Papilio FM transmitter

Transmitting signals is part of Software Defined Radio (SDR). The goal here is to build a simple FM transmitter using a Papilio and then explore what is possible from there. Perhaps change the pitch of the sound of the beeps as the signal is being transmitted.

This project is to take a previously done project with a spartan 6 lx9 *FM Transmitter and make it work on a spartan 3E XC3S250E. The software has modified to send an SOS signal using two different tones.

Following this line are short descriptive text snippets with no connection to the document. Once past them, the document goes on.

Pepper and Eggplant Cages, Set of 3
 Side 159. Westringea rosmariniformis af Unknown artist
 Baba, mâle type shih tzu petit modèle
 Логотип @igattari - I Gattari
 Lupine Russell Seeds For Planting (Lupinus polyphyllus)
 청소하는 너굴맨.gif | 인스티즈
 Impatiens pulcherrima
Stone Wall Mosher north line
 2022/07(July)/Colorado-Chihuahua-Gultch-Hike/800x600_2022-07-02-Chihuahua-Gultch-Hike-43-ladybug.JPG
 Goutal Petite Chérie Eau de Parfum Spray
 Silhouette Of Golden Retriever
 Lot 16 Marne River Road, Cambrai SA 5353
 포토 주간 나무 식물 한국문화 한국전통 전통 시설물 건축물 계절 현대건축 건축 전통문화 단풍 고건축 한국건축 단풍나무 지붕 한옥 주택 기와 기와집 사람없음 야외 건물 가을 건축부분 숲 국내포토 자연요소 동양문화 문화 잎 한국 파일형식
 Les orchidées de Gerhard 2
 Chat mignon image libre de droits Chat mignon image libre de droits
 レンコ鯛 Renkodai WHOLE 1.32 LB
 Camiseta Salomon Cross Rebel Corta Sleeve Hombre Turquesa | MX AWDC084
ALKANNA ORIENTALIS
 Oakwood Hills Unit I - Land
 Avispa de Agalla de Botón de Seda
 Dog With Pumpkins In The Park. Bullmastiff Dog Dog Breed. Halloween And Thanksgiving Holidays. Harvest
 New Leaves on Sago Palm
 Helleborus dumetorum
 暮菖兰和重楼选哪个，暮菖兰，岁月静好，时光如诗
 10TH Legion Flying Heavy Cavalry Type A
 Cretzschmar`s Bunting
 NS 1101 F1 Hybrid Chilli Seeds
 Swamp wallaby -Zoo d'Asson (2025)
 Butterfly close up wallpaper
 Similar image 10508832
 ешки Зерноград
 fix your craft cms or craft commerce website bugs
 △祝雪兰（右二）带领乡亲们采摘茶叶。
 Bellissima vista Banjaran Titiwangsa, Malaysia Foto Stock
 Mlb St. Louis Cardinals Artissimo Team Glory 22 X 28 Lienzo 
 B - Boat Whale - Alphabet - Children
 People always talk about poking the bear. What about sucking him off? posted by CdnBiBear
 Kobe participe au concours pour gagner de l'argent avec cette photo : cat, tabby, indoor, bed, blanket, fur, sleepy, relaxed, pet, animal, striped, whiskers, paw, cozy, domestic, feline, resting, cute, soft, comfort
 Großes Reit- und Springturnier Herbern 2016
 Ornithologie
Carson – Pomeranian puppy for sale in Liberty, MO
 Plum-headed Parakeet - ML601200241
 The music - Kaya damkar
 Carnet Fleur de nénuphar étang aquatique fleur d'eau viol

The idea is to build square pulses of different widths and then string them together to create a frequency. Two frequencies are necessary: tone 1, tone 2. If they are in the MHz region then an FM radio should be able to hear them if placed close to the radio. The carrier frequency selected by the radio will be subtracted from the frequency of the two tones to generate sound out of the speakers.

•  
  You only need to use the papilo. No wings or shields are necessary.
•  
  The VHDL used pin P18 on a 250K papilio

The circuit was implemented using the following code which is a slightly modified version of the starting point code above. It produces an SOS type of signal in two different tones.

library IEEE;
use IEEE.STD_LOGIC_1164.ALL;
use IEEE.NUMERIC_STD.ALL;

entity fm_xmit is
    Port ( CLKIN_IN : in  STD_LOGIC;
           antenna : out  STD_LOGIC);
end fm_xmit;

architecture Behavioral of fm_xmit is
   component clocking
   port ( CLKIN_IN  : in  std_logic;
         CLKFX_OUT : out std_logic
   );
   end component;
   
	
   signal CLKFX_OUT            : std_logic;
   signal shift_ctr         : unsigned (4 downto 0) := (others => '0');
   signal phase_accumulator : unsigned (31 downto 0) := (others => '0');
   signal beep_counter      : unsigned (19 downto 0):= (others => '0');-- gives a 305Hz beep signal
   signal message           : std_logic_vector(33 downto 0) := "1010100011101110111000101010000000";
   signal pitch             : std_logic_vector(33 downto 0) :="1010100000000000000000101010000000";


begin
  antenna <= std_logic(phase_accumulator(31));
  
 fast_clock : clocking port map (
      CLKIN_IN => CLKIN_IN,
      CLKFX_OUT => CLKFX_OUT
   );  
  
   process(CLKFX_OUT)
   begin
      if rising_edge(CLKFX_OUT) then
         if beep_counter = x"FFFFF" then
            if shift_ctr = "00000" then
               message <= message(0) & message(33 downto 1);
               pitch   <= pitch(0) & pitch(33 downto 1);
				end if;
            shift_ctr <= shift_ctr + 1;
         end if;      
         
         -- The constants are calculated as (desired freq)/320Mhz*2^32
         if message(0) = '1' then
            if beep_counter(19) = '1' and pitch(0) ='0' then
               phase_accumulator <= phase_accumulator + 1222381325; -- gives a 91075kHz signal               
            else
               phase_accumulator <= phase_accumulator + 1220381325; -- gives 90925kHz signal
            end if;
         else 
            phase_accumulator <= phase_accumulator + 1221381325; -- gives 91000kHz signal
         end if;
         
         beep_counter <= beep_counter+1;
      end if;
   end process;
end Behavioral;

•  
  The settings for the DCM Ip clock.
•  
  DCM setting output frequency

The radio is not a normal. A normal radio tunes at 89.9, 90.1, 90.3 but not in between. This radio tunes to all channels inbetween. This made it easier to find the optimum channel ... by searching. Can see that the demonstration video below that it was done at 91.2 MHz which is not a normal FM channel. It is exactly in the middle of two commercial broadcast FM channels: 91.1 and 91.3 MHz.

video

• Do the math and figure out what 91.2 Mghz is the best carrier frequency of the two tones generated.
• Build external circuit to create a band pass filter centered on 91.2 MHz within a 100KHz band.
• Add the logicstart megawing and use the switches to switch to different frequencies, and display the frequencies being used on the LED's.